This time was different
I have been dating this girl for the past 2 and a half years. I thought because I was in a relationship that I could fix my problem on my own. So I hid it from her and we continued on like nothing was wrong. A few months back we started having sex less often, so the addiction came back and the urges and impulses were stronger than ever. I started giving in more frequently but just kept it to myself. I thought, as long as I can still be good for her when she wants to have sex it’ll be fine, and it was until last night. I finally downloaded this app because I wanted to make a real change. I was going strong for 6 days and then gave in to the urge, I relapsed. And later that night she really wanted to have sex. We started making out, she started taking my clothes off, but I couldn’t get it up. My brain has been so messed up since porn, but this is a new low. The person I love the most in the world was right there in front of me and I couldn’t do anything.

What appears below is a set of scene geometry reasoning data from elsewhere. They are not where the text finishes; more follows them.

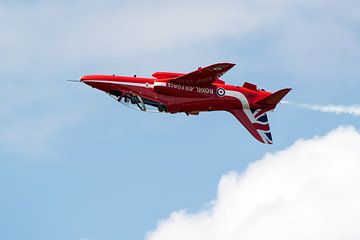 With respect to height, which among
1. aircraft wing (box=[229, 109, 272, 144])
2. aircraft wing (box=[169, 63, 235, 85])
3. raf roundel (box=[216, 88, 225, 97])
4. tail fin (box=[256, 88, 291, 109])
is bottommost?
aircraft wing (box=[229, 109, 272, 144])

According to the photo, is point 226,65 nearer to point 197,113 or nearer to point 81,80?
point 197,113

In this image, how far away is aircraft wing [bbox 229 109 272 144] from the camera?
130 m

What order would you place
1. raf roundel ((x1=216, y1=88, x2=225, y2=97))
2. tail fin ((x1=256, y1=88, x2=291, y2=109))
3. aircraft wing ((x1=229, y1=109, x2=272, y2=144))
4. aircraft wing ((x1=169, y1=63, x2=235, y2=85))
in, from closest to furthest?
1. aircraft wing ((x1=169, y1=63, x2=235, y2=85))
2. raf roundel ((x1=216, y1=88, x2=225, y2=97))
3. tail fin ((x1=256, y1=88, x2=291, y2=109))
4. aircraft wing ((x1=229, y1=109, x2=272, y2=144))

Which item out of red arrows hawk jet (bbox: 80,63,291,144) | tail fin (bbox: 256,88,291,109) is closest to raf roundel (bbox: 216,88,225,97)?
red arrows hawk jet (bbox: 80,63,291,144)

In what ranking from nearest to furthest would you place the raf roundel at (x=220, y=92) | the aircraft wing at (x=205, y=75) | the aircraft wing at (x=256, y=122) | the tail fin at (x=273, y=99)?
the aircraft wing at (x=205, y=75)
the raf roundel at (x=220, y=92)
the tail fin at (x=273, y=99)
the aircraft wing at (x=256, y=122)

So I told her what had happened earlier in the day. She didn’t judge me, but held me closer. Idk why, but that made me feel even worse. Like I didn’t deserve someone who would be so forgiving. Like I was the worst thing in her life. But other than that, there’s just this insane emptiness that won’t go away. And it feels like hell. I don’t know how to act, what to feel or what to do. But I know porn needs to go for good. I just want to be free
Another point I forgot to make is that there is often this feeling of rejection when you try to initiate something and the other party is not interested. You can remove this from the equation of temptation by simply abstaining and choosing more fruitful forms of intimacy, which will ultimately benefit the relationship.